Возможно, многоопытный диктор и дальше развивал бы подобные суждения, но как раз в эту минуту из огромного зева выкатилась машина, и дальше репортаж продолжила дикторша, обладательница самого приятного голоса:

- У Акима Востроносова есть еще в запасе целых пятнадцать секунд! Она сообщила об этом с такой радостью, как будто это осчастливило ее на всю жизнь. Едва успев перевести дыхание, торопливо продолжила: - Виновата, уже десять, девять, восемь... Все мы, дорогие телезрители, видим, каким уверенным шагом, с каким невозмутимым самообладанием двигается к установленному в центре зеленого поля помосту Аким Востроносов. Честное слово, дорогие товарищи, нельзя не позавидовать такому спокойствию и такой уверенности. В руках писателя большой белый конверт, на котором что-то размашисто начертано. Попрошу нашего оператора показать крупным планом конверт... Вот так, большое спасибо... Вы разбираете надпись на конверте? Я, например, четко вижу - на белом конверте стремительным почерком шариковой ручкой начертано: "Якорь спасения". Вы видите, видите? обратилась дикторша к своему напарнику.
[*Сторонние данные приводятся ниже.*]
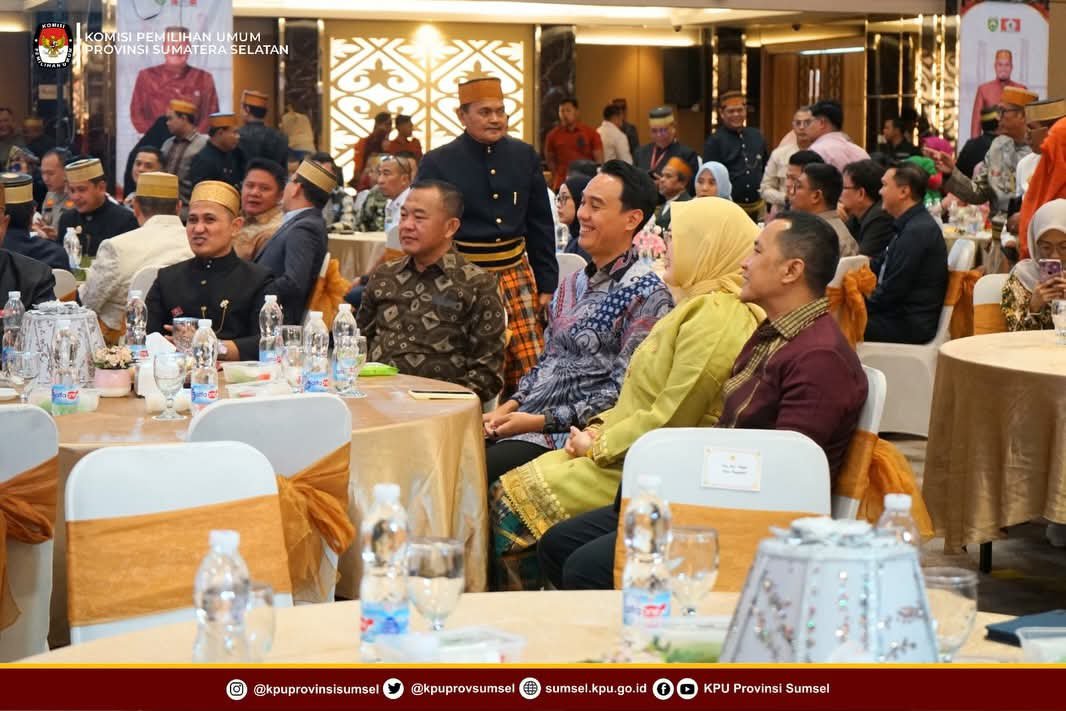 kpusumsel's tweet photo. #Temanpemilih Ketua KPU Sumsel, Andika Pranata Jaya menghadiri undangan pelantikan Badan Pengurus Wilayah Kerukukan Keluarga Sulawesi Selatan (BPW KKSS) Sumatera Selatan di Golden Sriwijaya, Kamis (24/9/2026).

#KPUMelayani https://t.co/JSEj4K7KJr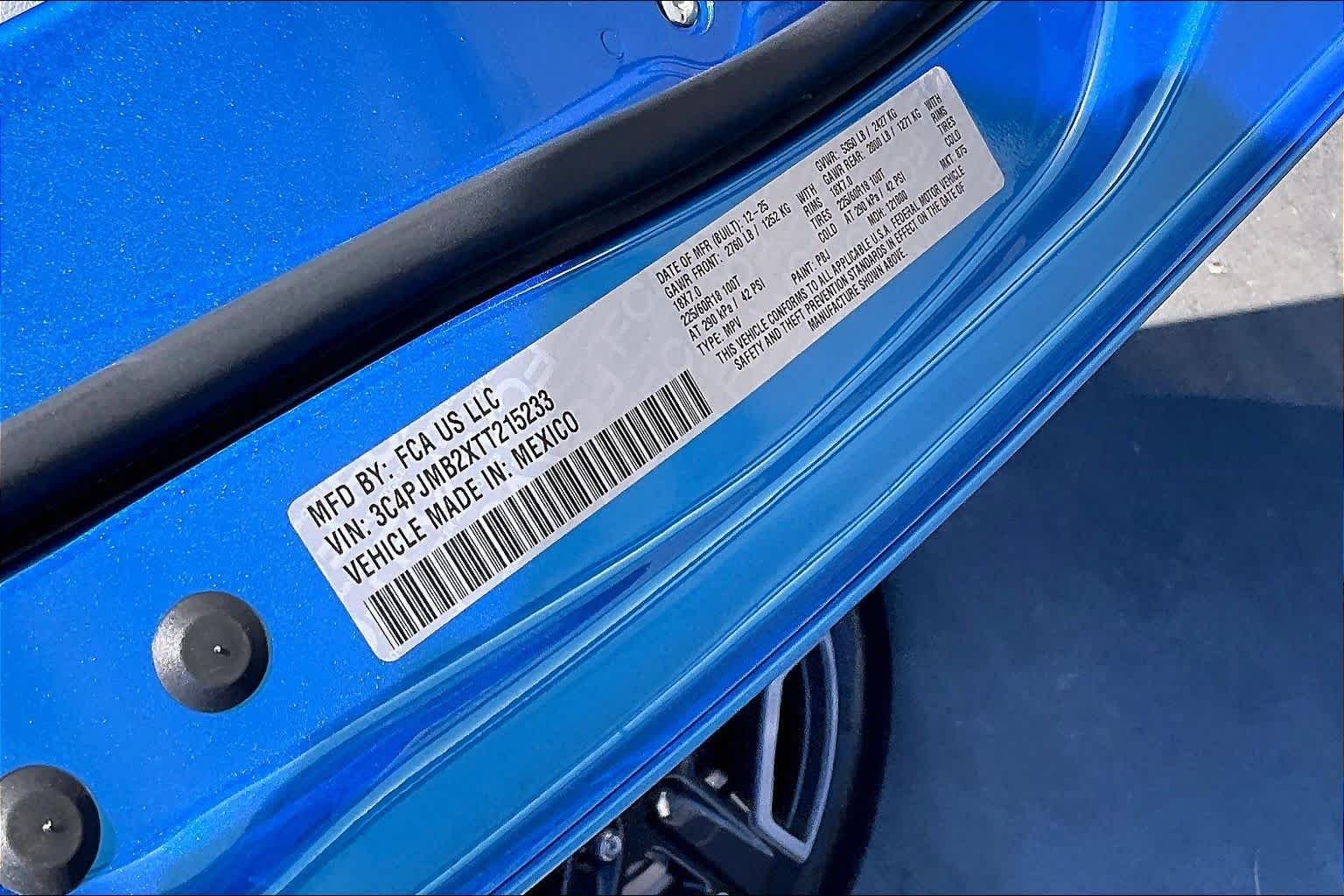 New 2026 Hydro Blue Pearl-Coat Exterior Paint Jeep Limited image 20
- Отлично вижу, - охотно отозвался тот, - и, я бы сказал, символическое заглавие. Оно дает основания предположить, что всех нас ждет увлекательное, даже захватывающее чтение...

- Но простите, - перебила дикторша, - вынуждена прервать вас. Дело в том, что на помост ступил Аким Востроносов. Кто-то из остряков, я это слышала собственными ушами, проходя мимо помоста, заметил: лобное место для гения. Вот уж неверно, я бы сказала, ничего похожего. Но, простите, я умолкаю, ибо наступают самые напряженные минуты, давайте, друзья, молча понаблюдаем за происходящим. - Голос ее смолк, будто его внезапно выключили или, говоря по-телевизионному, вырубили. Камера молча фиксировала происходящее.

Редактор Большеухов в этот момент с подобающей минуте и возложенной на него миссии торжественностью поднялся и, шагнув к Востроносову, принял из его рук конверт, внимательно прочитал начертанную на нем надпись. Затем, подняв над головой, продемонстрировал конверт каждой из четырех трибун. И лишь после этого председатель обошел членов жюри, показывая каждому в отдельности полученный конверт, к которому было приковано всеобщее внимание. Некоторые члены жюри благоговейно прикасались к поднесенному конверту, были такие, которые пробовали прикинуть вес рукописи, как будто это могло что-нибудь значить. Когда все члены жюри оказались обнесены и каждый насладился зрелищем конверта, Большеухов натренированным жестом вскрыл конверт, извлек из него не очень толстую рукопись и передал ее Никодиму Сергеевичу. Все это делалось в напряженнейшей тишине, какая устанавливается в природе только перед сильной грозой.